La civilisation de la fuite. Au fond, ce qui m’a empêché de tenir une conversation avec cette femme, c’est une répulsion du prosélytisme religieux. Il y a un trop-plein de religion en Afrique. Une hypertrophie, que l'on observe partout sur le continent. Il y a comme un non-sens de la vie qui s’exprime inconsciemment dans nos sociétés. La finitude a une grande emprise sur la conscience collective. Le discours religieux s’est accaparé des imaginaires, de manière excessive. Jusqu’à encercler tout le dispositif de la pensée et de l’action. Aujourd’hui, si on devait définir l’esprit africain, on pourrait dire, sans risque de nous tromper, qu’il est fondamentalement religieux. Particulièrement au Sénégal, notre rapport aux faits sociaux en reste tributaire. L’opinion populaire, l’espace intellectuel et universitaire, le milieu artistique, la sphère politique et économique. Tout le champ social est sous le contrôle des valeurs et idées religieuses, sans possibilité de s’en échapper ou de tenir une pensée libre ou opposée. Les ondes radios, les plateaux de télévisions, et même les réseaux sociaux deviennent des lieux de diffusion du discours sur l’enfer et le paradis, où se bousculent les bigots, jamais à court d’idées pour flageller "les damnées de la terre" et leur promettre l'Apocalypse pour bientôt. Ainsi, pour la majorité des citoyens-croyants, toutes les incommodités deviennent acceptables. Rien à dire sur la reproduction sociale, et les déterminismes à la base de situations d'existence catastrophiques. On se complait dans la laideur de la vie. Le poids écrasant de la violence sociale est ainsi oubliée. Il n’est pas possible, dans ces conditions, de mener des expériences imaginatives renouvelées, ou des actions radicales d’auto-défense contre les éléments conservateurs qui maintiennent le statu quo.

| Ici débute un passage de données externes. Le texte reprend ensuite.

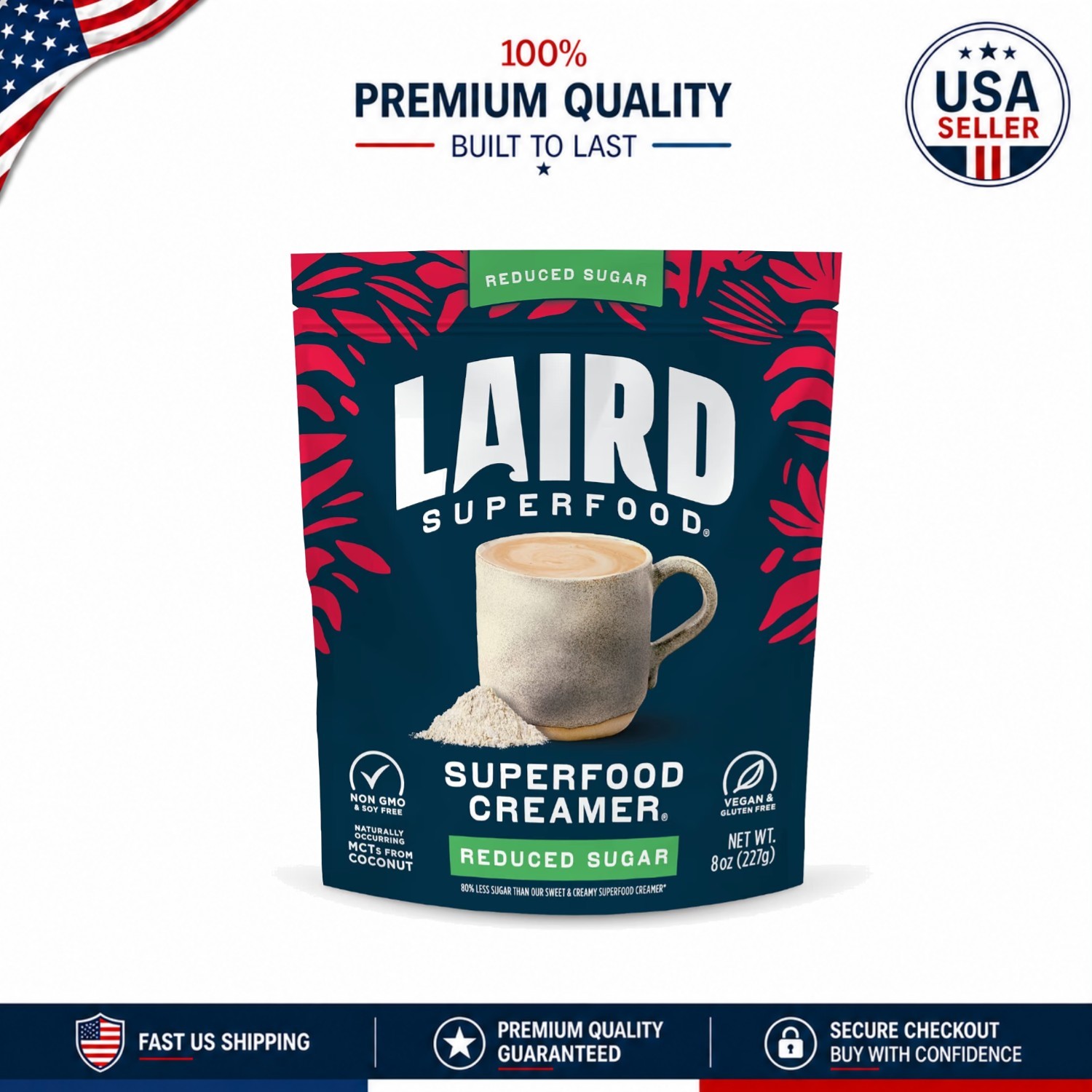 Shelf-Stable Non-GMO Coconut Coffee Creamer - Reduced Sugar,  8 oz.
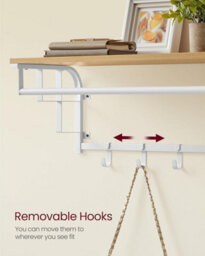 Songmics Vasagle Wall Coat Organizer, Multi-Hook Rail With Upper Shelf Storage, Golden Oak And Cloud White - thumbnail 4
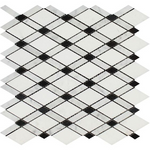 Thassos White Marble Honed Lattice Mosaic Tile w / Black Dots-Marble Mosaic-American Tile Depot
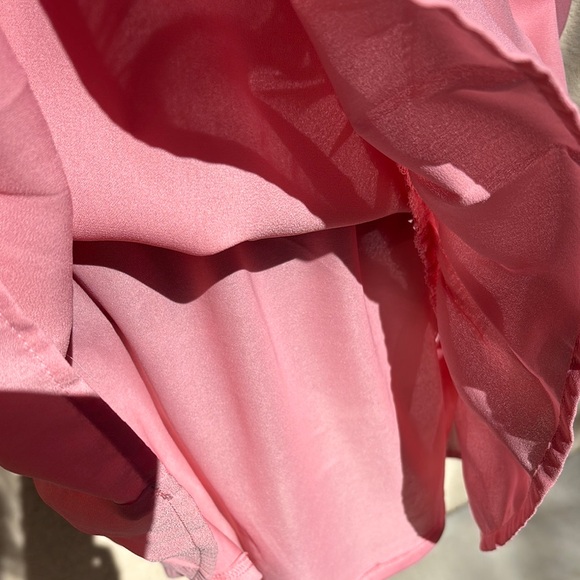 Pink Off-Shoulder Dress with Ruffle Details - Picture 6 of 7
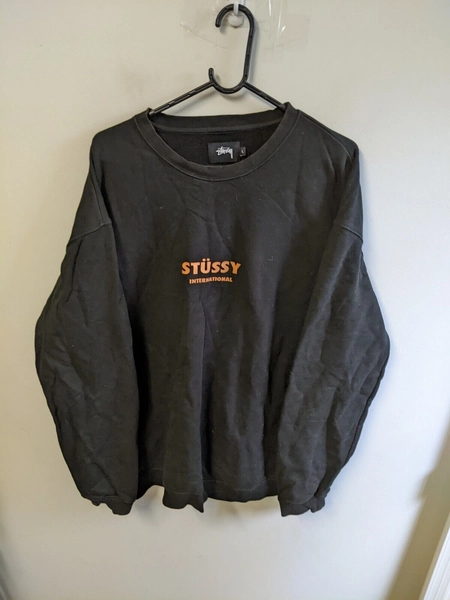 Stussy Jumper Mens Large Black Double Sided Script Logo Streetwear Adults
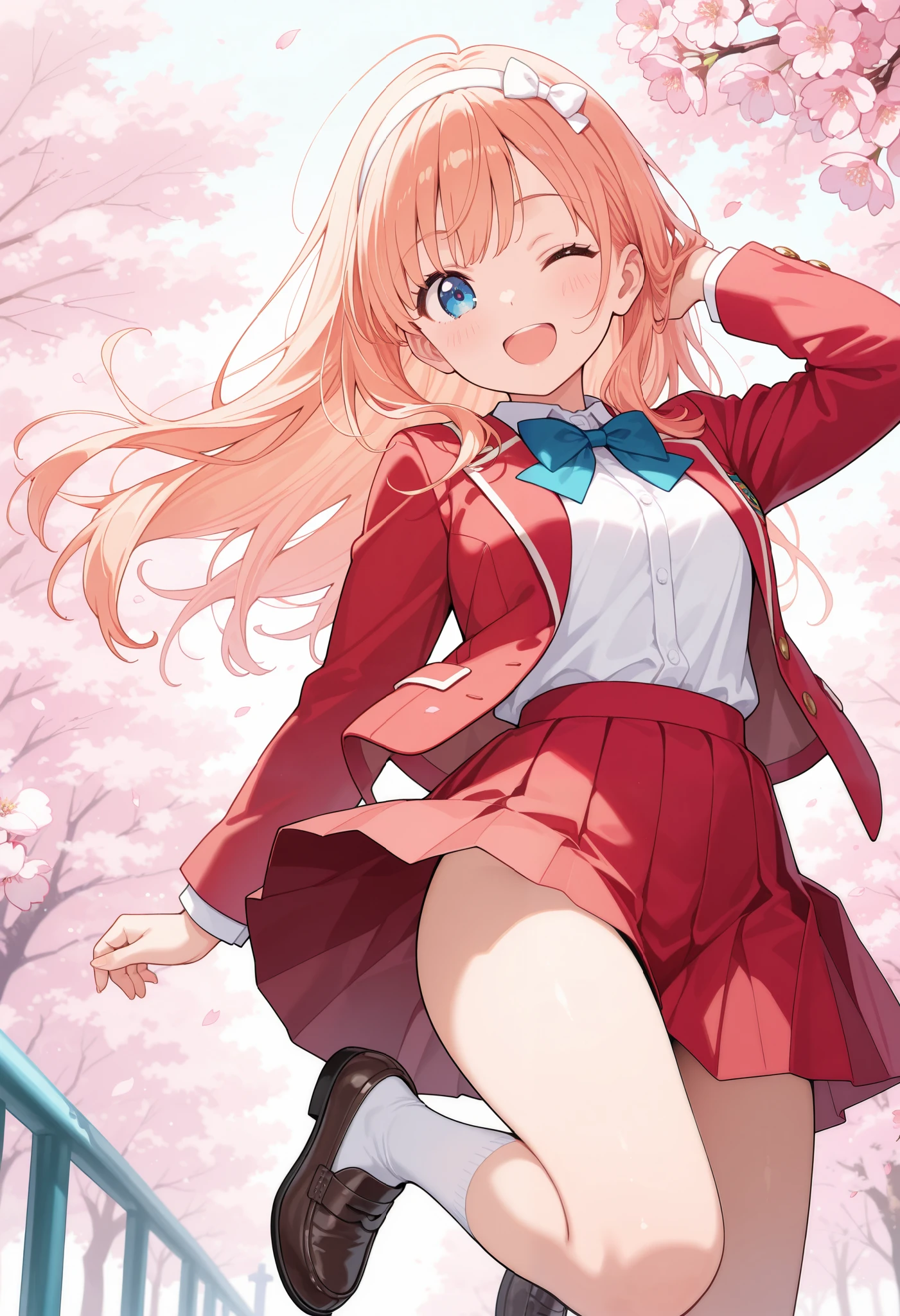 (watercolor:0.4),(pastelcolor:0.4),pastel hues,masterpiece,best quality,high score,great score,absurdres,1girl,alone,white hairband,long hair,school uniform,white shirt,long sleeves,red blazer,red skirt,blue bowtie,Loafer,;d,convenient_arm,jumping,looking_at_viewer,face focus,soft colors,dutch anglein spring,cherry blossoms background,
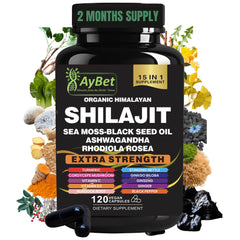 AyBet Shilajit bottle close-up with Himalayan minerals for energy support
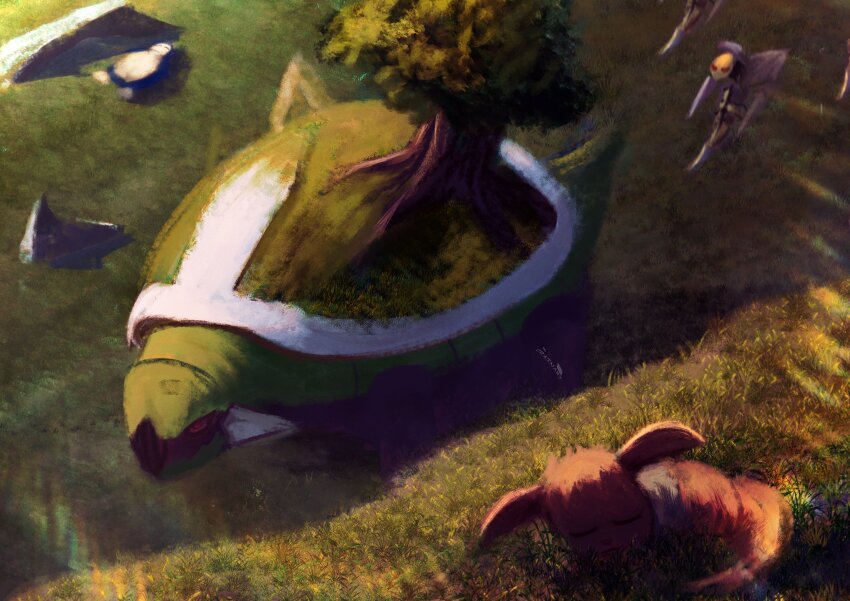 absurdres beedrill closed_eyes closed_mouth commentary crain1art eevee english_commentary gen_1_pokemon gen_4_pokemon grass highres nintendo no_humans outdoors pokemon pokemon_(creature) pokemon_focus red_eyes signature sleeping torterra tree u_u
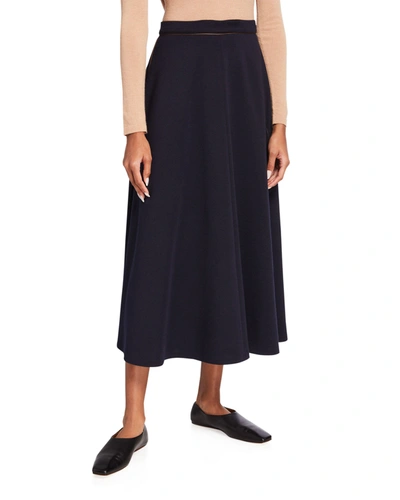 Max Mara Douglas Wool Maxi Skirt W/ Contrast Piping In Dark Blue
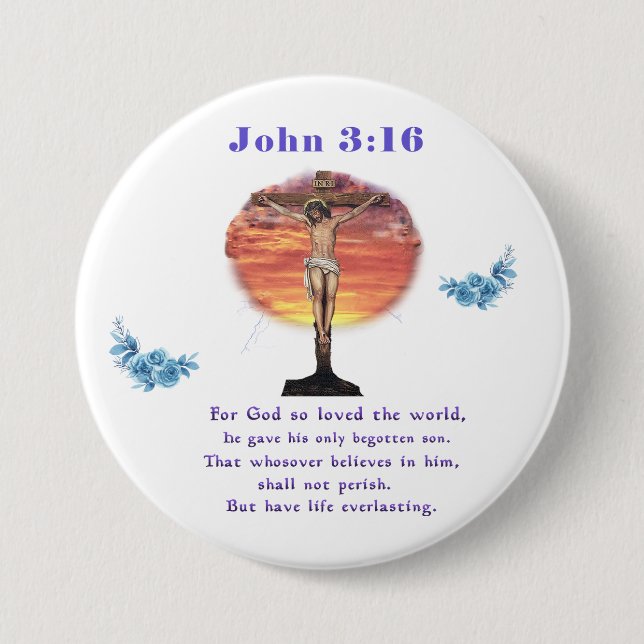 John 3:16 button (Front)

Quels processus mentaux peuvent expliquer l’abandon du corps social dans les nombreux mouvements religieux sur le continent ? Ce n’est pas un hasard. Il s’agit, avant tout, d’une réponse des populations face aux difficultés qu'elles doivent endurer pour survivre. Une forme de résistance devant les incertitudes du quotidien. L’omniprésence de la religion dans notre espace social, politique et médiatique n’est pas seulement liée à un besoin de sens, à l’angoisse existentielle, naturels chez l’homme. Elle traduit aussi une fuite désespérée des crises de la vie. La religion est, très souvent, la seule consolation pour les citoyens. Désemparés, ne sachant pas comment, ni où exprimer les souffrances, à la recherche de lien social que les institutions politiques et académiques ne savent plus produire, ils trouvent un réconfort dans les mouvements religieux. Cette réaction du corps social a été captée par différents acteurs religieux, qui en font un instrument de pouvoir politique et économique. Partout en Afrique, pasteurs, marabouts et prêcheurs sont en compétition pour gagner les consciences de populations exsangues, complètement déboussolées. Fuyant, dans leur écrasante majorité, la misère. Nous assistons, actuellement en Afrique, à une civilisation de la fuite, de l’anti-espoir. De la résignation. Puisque c’est compliqué sur terre, il faut dès maintenant travailler à une résurrection heureuse. Il y a véritablement un désir de mort et d’au-delà. Sauf que nous sommes enracinés dans une réalité sociale, construite par des hommes. C’est donc aux hommes de la transformer.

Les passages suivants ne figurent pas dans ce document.